Altro che soldi spesi bene, mi dico. Mi sento quasi un ladro per aver goduto di tanta qualità (e quantità) in cambio di un misero biglietto. Certo, l’esecuzione dei chitarristi come sempre non è stata impeccabile… ma questa è sempre la solita menata da chitarrista invidioso che tiro fuori appena possibile, la realtà è che tutto è stato maledettamente ben riuscito: scaletta, suoni, intensità, resa scenica, pure il ballettino finale al momento di prendere congedo.

Che altro dire? Al diavolo il mio mantra: Restless Oblivion, per quanto sia meravigliosa, è solo una canzone… E pensare che, se invece di nascere a Milano fossi nato in una qualsiasi altra zona d’Italia, sarei potuto andare a vederli all’Estragon di Bologna, o all’Alpheus di Roma, o al New Age di Roncade, e in tutti e tre i casi avrei assistito alla riproposizione integrale dell’ultimo album (cosa che, come già ripetuto in più di un’occasione, mi dà piuttosto sui nervi, in particolare con album che non conosco o non mi piacciono). Certo, se fossi nato ad Anversa o a Cracovia avrei trovato in scaletta niente meno che A Dying Wish, ma non è il caso di puntualizzare: è stato il più bel concerto degli Anathema visto finora (anche a detta di Psyche). We were there because we had to be there. E ci saremo anche in futuro. Sempre.

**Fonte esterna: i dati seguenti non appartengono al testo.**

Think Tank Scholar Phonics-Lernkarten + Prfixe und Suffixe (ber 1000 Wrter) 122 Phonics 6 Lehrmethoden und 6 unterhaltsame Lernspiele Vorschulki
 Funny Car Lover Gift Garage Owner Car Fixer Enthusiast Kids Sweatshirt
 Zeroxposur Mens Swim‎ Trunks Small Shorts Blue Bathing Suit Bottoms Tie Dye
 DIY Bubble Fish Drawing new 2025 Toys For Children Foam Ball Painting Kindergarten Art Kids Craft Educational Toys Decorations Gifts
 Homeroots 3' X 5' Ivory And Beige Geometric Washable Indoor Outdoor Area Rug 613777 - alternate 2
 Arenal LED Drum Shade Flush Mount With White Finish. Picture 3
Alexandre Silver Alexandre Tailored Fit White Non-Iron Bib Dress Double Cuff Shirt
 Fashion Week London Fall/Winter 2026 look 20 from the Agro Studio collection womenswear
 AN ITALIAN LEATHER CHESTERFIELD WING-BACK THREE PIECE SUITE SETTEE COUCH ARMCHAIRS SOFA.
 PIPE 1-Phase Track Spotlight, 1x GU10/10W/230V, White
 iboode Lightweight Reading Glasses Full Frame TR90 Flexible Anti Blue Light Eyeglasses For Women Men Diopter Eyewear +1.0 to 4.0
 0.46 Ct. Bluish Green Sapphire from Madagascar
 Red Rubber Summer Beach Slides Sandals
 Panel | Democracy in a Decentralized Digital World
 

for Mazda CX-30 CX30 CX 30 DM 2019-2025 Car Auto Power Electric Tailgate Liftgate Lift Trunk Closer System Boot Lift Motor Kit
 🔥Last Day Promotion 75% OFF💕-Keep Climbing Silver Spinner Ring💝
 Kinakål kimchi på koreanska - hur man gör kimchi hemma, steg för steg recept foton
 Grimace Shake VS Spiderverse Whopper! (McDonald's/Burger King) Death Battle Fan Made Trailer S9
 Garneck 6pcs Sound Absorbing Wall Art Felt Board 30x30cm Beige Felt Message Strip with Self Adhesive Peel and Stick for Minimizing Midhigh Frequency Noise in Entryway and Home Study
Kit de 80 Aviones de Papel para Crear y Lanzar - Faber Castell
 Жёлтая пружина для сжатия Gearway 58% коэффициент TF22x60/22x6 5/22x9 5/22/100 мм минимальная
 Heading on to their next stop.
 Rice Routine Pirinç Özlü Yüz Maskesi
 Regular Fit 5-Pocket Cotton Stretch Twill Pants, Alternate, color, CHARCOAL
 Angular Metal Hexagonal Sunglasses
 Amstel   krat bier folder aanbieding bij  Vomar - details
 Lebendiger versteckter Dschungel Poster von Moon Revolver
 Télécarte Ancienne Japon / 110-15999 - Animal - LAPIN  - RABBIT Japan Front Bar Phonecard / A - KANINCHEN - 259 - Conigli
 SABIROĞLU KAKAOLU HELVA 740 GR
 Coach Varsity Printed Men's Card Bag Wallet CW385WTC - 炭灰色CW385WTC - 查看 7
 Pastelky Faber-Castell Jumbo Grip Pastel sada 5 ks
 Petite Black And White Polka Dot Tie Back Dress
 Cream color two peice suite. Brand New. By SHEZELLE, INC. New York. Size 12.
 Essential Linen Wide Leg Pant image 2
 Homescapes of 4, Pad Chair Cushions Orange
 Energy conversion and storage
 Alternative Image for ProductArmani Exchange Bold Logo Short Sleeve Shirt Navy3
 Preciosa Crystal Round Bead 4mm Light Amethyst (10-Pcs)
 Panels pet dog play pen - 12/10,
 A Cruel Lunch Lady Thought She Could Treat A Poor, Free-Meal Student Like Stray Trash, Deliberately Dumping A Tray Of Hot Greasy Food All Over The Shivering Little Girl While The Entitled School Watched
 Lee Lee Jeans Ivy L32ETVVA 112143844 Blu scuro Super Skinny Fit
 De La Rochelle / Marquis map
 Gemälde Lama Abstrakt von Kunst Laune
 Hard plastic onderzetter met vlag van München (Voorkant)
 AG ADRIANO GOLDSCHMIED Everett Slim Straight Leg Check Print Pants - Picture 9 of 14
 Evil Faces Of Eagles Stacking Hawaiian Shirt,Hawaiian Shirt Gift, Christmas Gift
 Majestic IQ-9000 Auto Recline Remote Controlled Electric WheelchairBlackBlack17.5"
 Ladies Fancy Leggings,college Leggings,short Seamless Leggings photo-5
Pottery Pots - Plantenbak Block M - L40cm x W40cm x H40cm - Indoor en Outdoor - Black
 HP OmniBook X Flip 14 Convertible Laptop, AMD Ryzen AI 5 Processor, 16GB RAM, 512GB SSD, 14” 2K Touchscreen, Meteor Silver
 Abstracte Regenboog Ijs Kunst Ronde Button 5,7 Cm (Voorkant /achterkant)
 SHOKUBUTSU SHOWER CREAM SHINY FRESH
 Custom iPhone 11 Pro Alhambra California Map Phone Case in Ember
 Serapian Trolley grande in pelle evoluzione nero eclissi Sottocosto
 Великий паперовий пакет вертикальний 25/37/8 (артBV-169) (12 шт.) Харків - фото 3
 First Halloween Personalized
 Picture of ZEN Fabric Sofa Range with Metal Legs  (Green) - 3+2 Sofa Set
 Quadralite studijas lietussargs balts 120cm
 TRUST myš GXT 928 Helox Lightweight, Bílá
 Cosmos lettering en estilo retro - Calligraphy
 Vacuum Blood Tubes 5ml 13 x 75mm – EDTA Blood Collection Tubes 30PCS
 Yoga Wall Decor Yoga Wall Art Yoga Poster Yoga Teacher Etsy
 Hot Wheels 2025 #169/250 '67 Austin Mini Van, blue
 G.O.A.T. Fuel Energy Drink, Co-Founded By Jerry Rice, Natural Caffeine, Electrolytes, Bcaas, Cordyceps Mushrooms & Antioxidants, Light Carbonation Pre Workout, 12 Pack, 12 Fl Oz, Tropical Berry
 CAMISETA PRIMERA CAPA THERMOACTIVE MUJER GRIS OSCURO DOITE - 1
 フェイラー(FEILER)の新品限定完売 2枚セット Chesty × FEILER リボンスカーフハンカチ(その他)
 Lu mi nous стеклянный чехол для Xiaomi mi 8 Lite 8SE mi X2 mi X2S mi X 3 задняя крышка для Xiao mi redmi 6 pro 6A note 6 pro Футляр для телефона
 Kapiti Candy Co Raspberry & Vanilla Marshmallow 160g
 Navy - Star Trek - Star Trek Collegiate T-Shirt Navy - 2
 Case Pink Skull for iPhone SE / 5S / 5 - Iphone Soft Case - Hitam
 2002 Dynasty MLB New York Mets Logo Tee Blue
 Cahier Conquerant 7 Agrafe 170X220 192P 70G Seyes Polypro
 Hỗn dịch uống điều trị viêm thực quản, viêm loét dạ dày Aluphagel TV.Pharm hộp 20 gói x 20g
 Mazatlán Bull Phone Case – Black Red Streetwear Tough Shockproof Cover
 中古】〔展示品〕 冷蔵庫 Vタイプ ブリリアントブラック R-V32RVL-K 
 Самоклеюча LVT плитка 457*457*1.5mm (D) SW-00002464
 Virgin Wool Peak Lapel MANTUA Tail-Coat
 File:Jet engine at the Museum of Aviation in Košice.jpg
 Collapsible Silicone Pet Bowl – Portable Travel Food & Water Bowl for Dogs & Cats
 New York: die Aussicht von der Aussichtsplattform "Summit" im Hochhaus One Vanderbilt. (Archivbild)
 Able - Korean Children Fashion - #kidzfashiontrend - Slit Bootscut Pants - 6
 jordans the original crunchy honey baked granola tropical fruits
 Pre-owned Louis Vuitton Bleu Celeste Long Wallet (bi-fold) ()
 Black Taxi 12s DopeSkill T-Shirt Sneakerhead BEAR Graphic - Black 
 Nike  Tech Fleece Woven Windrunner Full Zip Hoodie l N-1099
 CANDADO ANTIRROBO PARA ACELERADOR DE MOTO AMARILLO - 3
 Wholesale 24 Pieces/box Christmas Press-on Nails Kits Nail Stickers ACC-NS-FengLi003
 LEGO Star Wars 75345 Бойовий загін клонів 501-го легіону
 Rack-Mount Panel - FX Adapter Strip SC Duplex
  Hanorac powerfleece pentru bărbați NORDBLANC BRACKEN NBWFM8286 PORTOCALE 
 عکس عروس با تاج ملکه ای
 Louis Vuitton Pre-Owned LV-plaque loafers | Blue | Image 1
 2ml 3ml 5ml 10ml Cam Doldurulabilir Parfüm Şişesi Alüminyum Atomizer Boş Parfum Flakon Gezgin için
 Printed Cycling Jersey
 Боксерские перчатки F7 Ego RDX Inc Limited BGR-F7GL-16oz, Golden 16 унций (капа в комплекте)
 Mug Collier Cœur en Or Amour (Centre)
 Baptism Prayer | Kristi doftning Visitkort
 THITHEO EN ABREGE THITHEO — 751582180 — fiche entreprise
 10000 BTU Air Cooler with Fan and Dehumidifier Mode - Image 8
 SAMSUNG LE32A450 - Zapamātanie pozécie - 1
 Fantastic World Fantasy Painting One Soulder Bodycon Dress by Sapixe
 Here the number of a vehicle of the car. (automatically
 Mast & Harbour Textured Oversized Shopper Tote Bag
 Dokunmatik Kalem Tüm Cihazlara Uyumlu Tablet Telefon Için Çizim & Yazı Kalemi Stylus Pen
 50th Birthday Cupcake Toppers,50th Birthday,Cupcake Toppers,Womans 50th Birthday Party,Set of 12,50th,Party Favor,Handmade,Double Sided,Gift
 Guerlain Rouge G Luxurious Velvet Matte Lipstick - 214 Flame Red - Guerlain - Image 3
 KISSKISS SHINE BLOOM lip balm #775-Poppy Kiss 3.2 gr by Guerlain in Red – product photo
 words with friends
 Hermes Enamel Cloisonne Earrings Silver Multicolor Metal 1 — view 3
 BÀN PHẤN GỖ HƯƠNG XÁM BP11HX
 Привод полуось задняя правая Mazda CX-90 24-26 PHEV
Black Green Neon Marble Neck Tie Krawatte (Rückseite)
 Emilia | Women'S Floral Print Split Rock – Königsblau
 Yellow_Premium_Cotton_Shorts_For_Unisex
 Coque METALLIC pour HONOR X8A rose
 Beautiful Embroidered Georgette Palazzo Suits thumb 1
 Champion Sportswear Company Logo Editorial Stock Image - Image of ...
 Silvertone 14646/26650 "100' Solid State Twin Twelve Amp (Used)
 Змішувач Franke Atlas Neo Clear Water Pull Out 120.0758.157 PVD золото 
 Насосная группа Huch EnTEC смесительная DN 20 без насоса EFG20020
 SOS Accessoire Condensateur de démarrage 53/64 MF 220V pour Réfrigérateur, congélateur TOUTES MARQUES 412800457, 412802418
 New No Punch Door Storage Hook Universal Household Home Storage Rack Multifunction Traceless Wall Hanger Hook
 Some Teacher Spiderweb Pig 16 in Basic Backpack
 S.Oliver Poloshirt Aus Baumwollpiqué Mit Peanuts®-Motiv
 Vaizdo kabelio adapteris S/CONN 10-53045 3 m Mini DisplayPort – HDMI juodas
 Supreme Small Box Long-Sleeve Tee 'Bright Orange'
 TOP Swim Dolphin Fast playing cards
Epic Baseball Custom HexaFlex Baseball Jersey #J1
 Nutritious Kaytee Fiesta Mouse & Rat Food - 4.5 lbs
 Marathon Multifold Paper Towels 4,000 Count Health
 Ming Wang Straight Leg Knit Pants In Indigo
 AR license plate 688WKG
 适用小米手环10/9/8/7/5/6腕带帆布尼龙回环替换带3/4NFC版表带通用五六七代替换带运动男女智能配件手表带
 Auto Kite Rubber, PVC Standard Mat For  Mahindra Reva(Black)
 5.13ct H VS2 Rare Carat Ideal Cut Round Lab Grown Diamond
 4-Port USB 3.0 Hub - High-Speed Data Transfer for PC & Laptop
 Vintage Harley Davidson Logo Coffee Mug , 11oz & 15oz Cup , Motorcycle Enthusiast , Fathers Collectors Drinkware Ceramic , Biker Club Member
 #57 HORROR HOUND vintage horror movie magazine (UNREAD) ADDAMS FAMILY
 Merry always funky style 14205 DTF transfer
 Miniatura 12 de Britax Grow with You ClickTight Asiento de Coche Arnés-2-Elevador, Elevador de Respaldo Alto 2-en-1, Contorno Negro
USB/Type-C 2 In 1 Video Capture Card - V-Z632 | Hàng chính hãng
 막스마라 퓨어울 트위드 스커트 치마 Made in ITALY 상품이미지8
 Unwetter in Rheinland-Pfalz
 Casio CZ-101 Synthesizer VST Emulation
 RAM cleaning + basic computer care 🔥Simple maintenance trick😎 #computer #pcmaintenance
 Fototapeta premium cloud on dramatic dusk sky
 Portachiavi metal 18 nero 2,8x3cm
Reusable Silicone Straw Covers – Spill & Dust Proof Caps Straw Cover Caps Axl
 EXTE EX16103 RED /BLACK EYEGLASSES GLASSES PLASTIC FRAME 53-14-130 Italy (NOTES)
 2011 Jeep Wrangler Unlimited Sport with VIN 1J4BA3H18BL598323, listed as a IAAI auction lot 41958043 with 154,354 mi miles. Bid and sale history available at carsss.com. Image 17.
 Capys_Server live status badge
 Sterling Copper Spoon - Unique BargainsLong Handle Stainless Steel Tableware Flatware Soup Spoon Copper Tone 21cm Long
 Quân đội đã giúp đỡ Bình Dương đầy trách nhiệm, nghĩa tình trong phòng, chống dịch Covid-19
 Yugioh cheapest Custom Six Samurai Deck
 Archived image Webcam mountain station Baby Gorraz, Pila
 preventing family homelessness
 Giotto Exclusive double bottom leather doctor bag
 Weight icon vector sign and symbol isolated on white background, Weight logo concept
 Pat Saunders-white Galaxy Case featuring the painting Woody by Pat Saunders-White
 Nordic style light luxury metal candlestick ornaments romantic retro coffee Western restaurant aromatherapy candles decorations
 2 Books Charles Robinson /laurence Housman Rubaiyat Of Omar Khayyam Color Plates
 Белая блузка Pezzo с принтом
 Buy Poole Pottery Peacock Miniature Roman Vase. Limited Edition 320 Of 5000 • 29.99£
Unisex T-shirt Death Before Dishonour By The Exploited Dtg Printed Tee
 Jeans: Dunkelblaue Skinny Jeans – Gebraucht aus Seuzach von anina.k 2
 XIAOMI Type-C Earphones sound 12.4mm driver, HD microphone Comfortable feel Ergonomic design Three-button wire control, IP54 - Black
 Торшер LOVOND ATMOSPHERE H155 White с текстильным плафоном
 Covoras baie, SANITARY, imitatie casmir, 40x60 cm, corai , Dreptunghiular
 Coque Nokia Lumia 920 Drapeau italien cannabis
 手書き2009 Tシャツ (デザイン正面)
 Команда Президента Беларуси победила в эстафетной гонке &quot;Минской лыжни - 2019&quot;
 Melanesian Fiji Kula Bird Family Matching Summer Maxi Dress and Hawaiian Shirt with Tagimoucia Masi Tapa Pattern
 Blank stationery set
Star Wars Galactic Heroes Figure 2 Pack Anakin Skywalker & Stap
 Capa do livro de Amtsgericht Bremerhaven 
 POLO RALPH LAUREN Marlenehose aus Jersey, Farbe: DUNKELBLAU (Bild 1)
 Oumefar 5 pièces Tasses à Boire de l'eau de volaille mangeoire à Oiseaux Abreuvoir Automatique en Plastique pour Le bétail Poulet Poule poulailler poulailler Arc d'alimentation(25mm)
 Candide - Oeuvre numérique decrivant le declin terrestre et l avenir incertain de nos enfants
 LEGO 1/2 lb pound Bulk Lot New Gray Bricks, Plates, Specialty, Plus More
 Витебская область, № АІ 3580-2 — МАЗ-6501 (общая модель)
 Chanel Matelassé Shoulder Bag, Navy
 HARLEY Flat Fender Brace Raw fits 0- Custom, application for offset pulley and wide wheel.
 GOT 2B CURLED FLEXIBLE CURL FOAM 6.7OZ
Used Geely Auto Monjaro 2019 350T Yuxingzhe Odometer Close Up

E ora, in religiosissimo silenzio, mi congedo sulle note di uno dei brani più toccanti di questa lunga ed emozionante performance: Lost Control. E ho detto tutto.
  

SETLIST 

Deep (da “Judgement”, 1999)
Pitiless (da “Judgement”, 1999)
Forgotten Hopes / Destiny Is Dead (da “Judgement”, 1999)
Angels Walk Among Us / Presence (da “We’re Here Because We’re Here”, 2010)
A Simple Mistake (da “We’re Here Because We’re Here”, 2010)
Balance / Closer (da “A Natural Disaster”, 2003)
A Natural Disaster (da “A Natural Disaster”, 2003)
Empty (da “Alternative 4”, 1998)
Lost Control (da “Alternative 4”, 1998)
Destiny (da “Alternative 4”, 1998)
Inner Silence (da “Alternative 4”, 1998)
Get Off, Get Out / Universal / Hindsight (da “We’re Here Because We’re Here”, 2010)
Judgement (da “Judgement”, 1999)
Flying (da “A Natural Disaster”, 2003)

INTERMEZZO ACUSTICO
Wish You Were Here (cover dei Pink Floyd)
Are You There? (da “A Natural Disaster”, 2003)
Parisienne Moonlight (da “Judgement”, 1999)

ENCORES
Angelica (da “Eternity”, 1996)
One Last Goodbye (da “Judgement”, 1999)
Shroud of False / Fragile Dreams (da “Alternative 4”, 1998)

FORMAZIONE 

Vincent Cavanagh (voce, chitarra) – Daniel Cavanagh (chitarra) – Jamie Cavanagh (basso) – Les Smith (tastiere) – John Douglas (batteria) – Lee Douglas (voce femminile)

~ di dK su 24 novembre 2010.

Una Risposta to “Anathema @ Magazzini Generali, Milano – 14 novembre 2010”

  1. “non si può negare che la loro grandezza artistica dipenda molto dal coraggio che hanno sempre dimostrato nell’evolversi e cambiare rotta disco dopo disco, sperimentando ed esplorando nuovi territori” Li adoro anche per questo: mai banali.